Governor of Kogi State Acting
- In office 6 February 2008 – 29 March 2008
- Preceded by: Ibrahim Idris
- Succeeded by: Ibrahim Idris

Speaker, Kogi State House of Assembly
- In office 2008–2011

Personal details
- Born: Mopa-Muro, Kogi State, Nigeria
- Party: All Progressives Congress
- Other political affiliations: People's Democratic Party (1999–2019)

= Clarence Olafemi =

Nigerian politician

Clarence Olafemi is a Nigerian politician who was appointed acting Governor of Kogi State in February 2008, after the election of governor Ibrahim Idris was annulled.
He handed back to Ibrahim Idris on 29 March 2008 after Idris had won a fresh election.

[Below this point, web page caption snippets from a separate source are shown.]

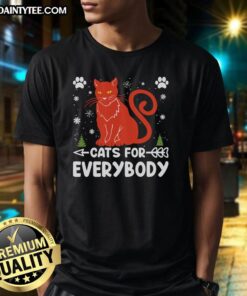 Alt Text: Awesome Cats For Everybody T-Shirt featuring playful cat graphics on a stylish, comfortable tee for cat lovers.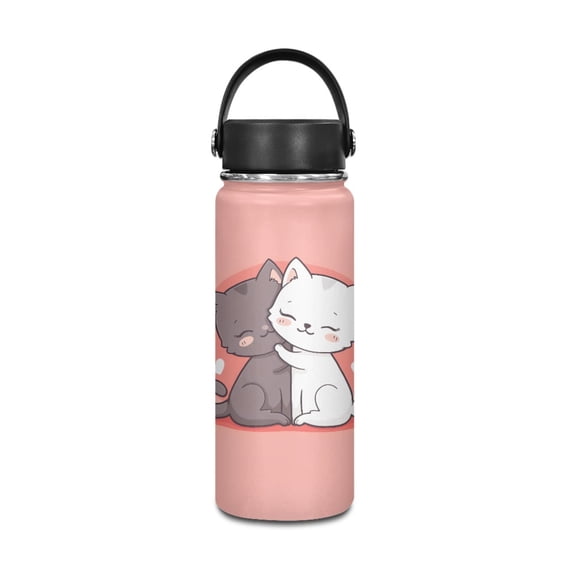 SEANATIVE Cute Cat Water Bottles Stainless Steel Vacuum Insulated Water Bottles 18 oz Leakproof Lightweight Keeps Cold and Hot Great for Travel Hiking Biking Running Pink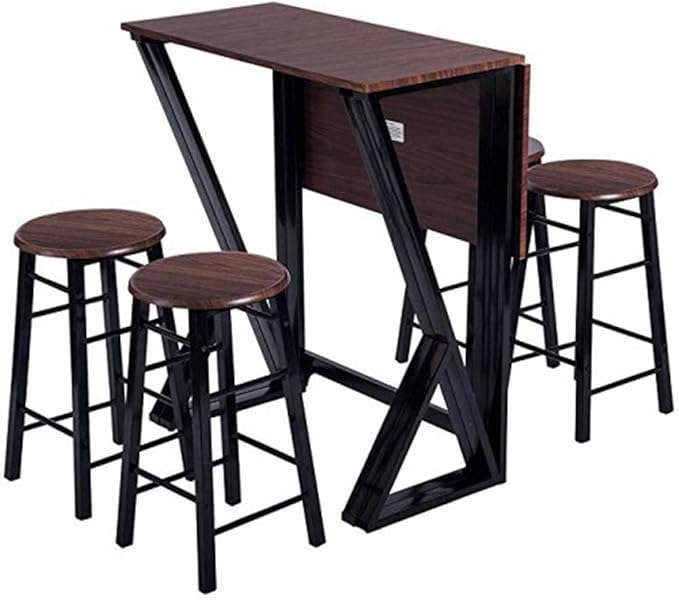 5 Pieces Bar Table Set Counter Height Dining Table Set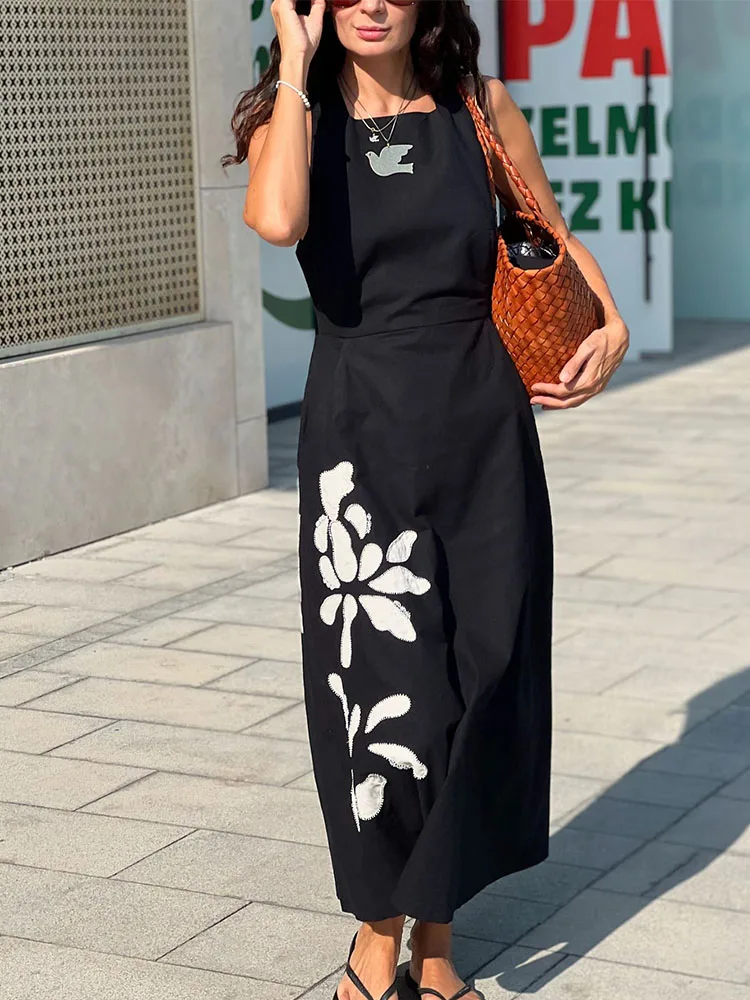 

TRAFZA Summer Female Black Elegant Solid Embroidery Printing Sleeveless Dress Women's Backless Zipper Midi Dresses Mujer Traf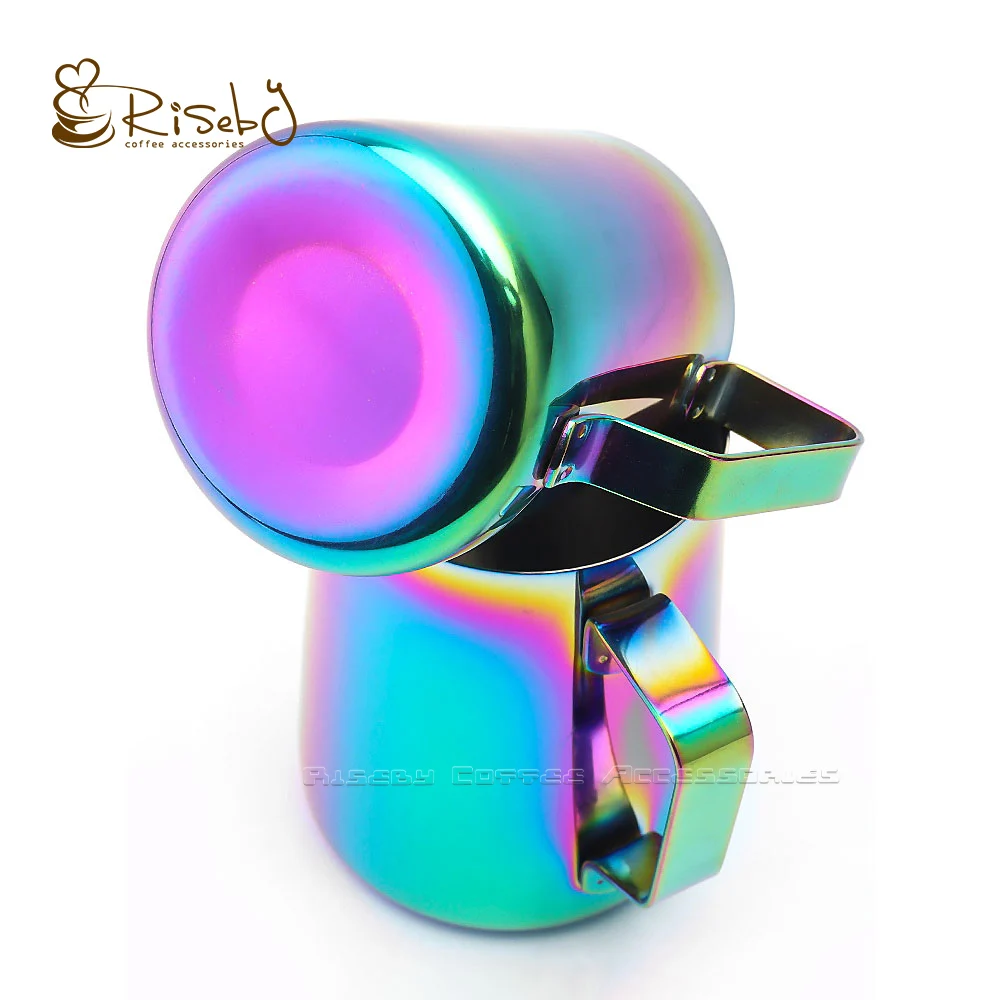 600ml Barista Tool Rainbow Latte Art Stainless Steel Coffee Milk Frothing Jug Espresso Steaming Pitcher and Melting Pot Set
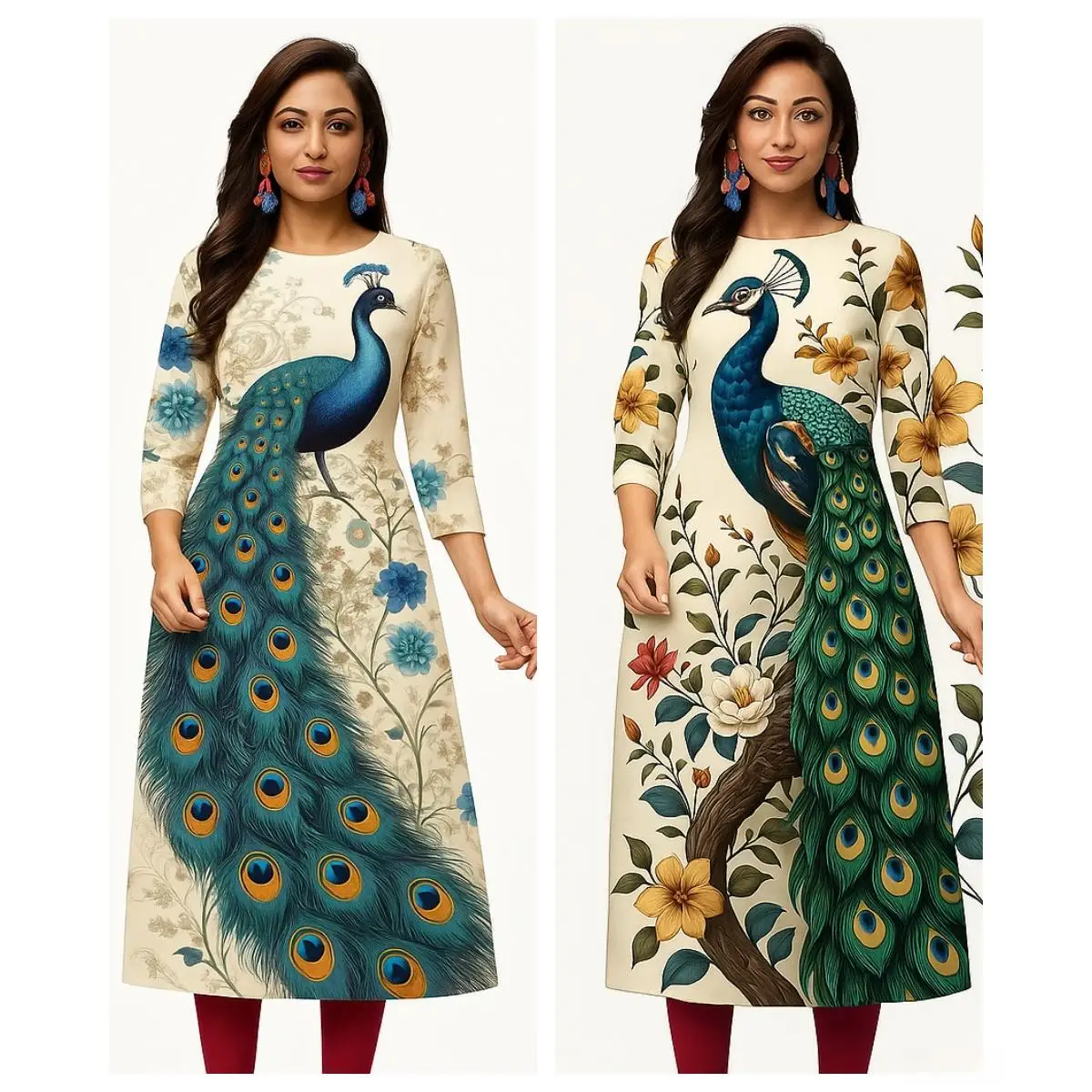 Kurt moda donna comoda manica lunga dritta casual girocollo etnico modello pavone nuovo vestito.2026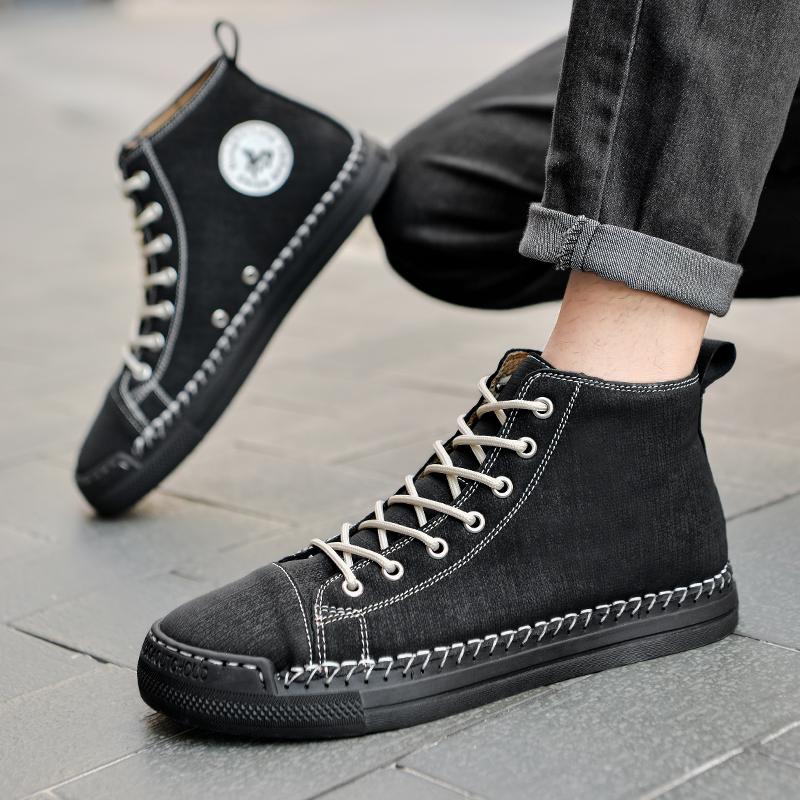 Hiking Shoes Men's Walking Boots British Thick Soled High Top Motorcycle Boots Ankle Sneakers Casual Trekking Shoe Casual Size48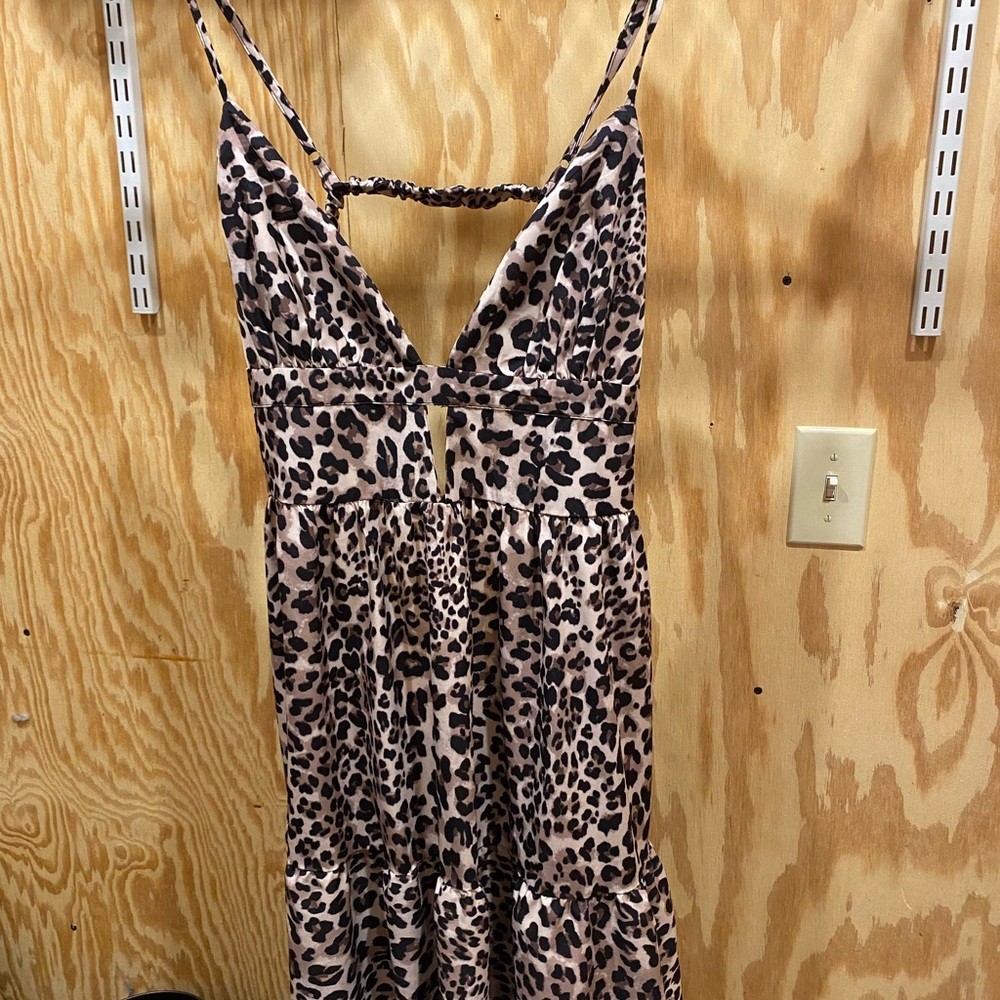 SHEIN Brown Black Sundress Sleeveless Plunge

Olafemi was born in the Mopa-Muro Local Government Area of Kogi State.
He is a graduate of Ahmadu Bello University, Zaria. He was a governorship candidate in the old Kwara State.

Olafemi was elected to the Kogi State house of assembly for the Mopamuro Constituency in April 2007 on the People's Democratic Party (PDP) platform.
In September 2007, the Kogi State Election Petitions Tribunal in Lokoja nullified his election.
He appealed this decision, and in February 2008, the Court of Appeal in Abuja upturned the judgement.
In July 2008, he was called before the Economic and Financial Crimes Commission (EFCC) to explain his role in the alleged misappropriation of N12 billion belonging to the state.

In April 2010, he was an aspirant to become a candidate for the 2011 Kogi State governorship elections.